═══ DATA PROVIDED ═══

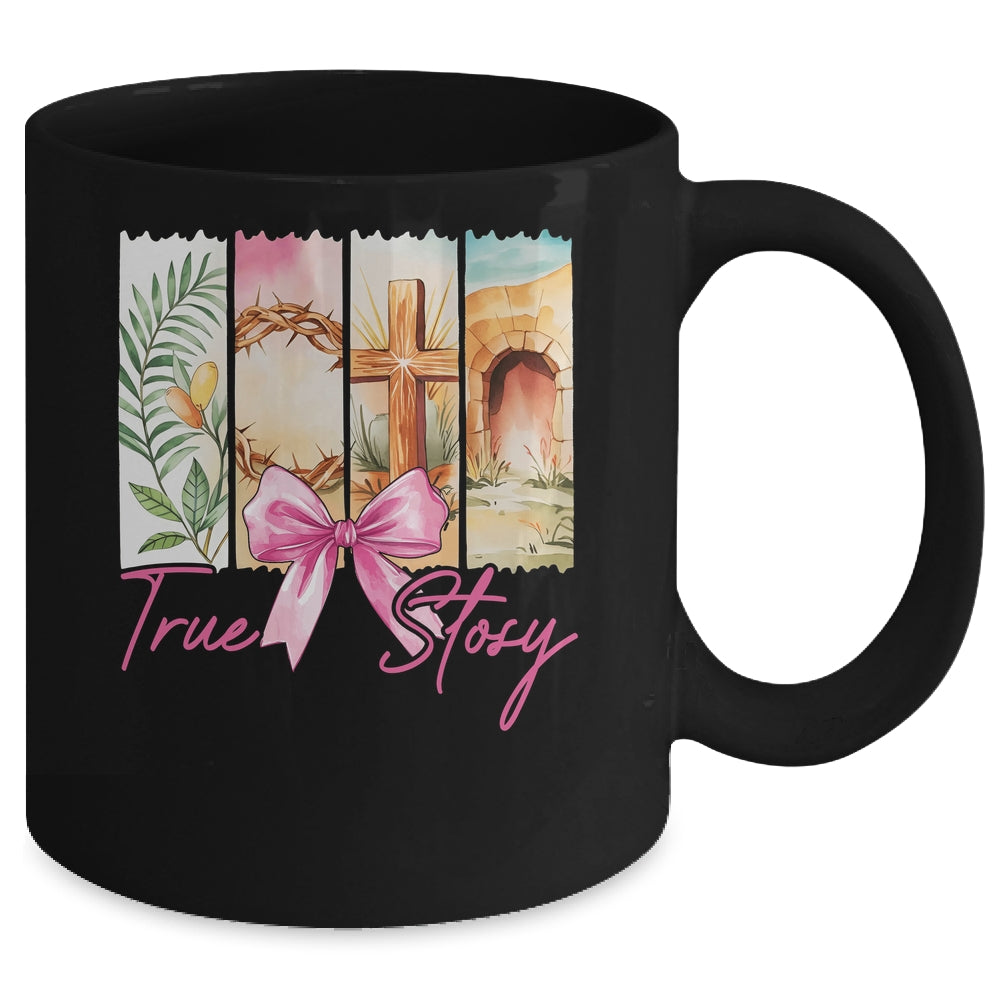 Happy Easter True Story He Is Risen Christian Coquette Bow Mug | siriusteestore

═══
═══ DATA PROVIDED ═══

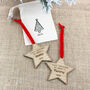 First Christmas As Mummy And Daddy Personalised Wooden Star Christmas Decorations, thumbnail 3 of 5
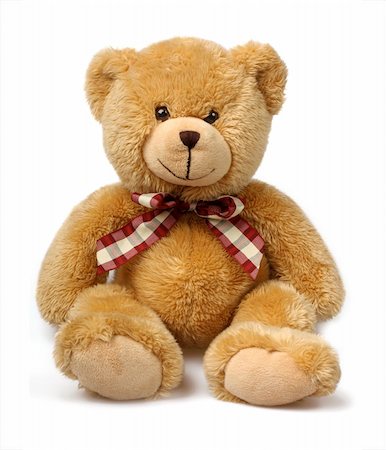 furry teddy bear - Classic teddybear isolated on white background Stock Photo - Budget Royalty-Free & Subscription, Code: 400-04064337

═══

[YOUR OBJECTIVE] Return only the part above that opens with the line containing "First Christmas As" and closes with the line containing "furry teddy bear", exactly and with both ends, skipping the pictures.

[EXERCISE OUTPUT]
 First Christmas As Mummy And Daddy Personalised Wooden Star Christmas Decorations, thumbnail 3 of 5
 furry teddy bear - Classic teddybear isolated on white background Stock Photo - Budget Royalty-Free & Subscription, Code: 400-04064337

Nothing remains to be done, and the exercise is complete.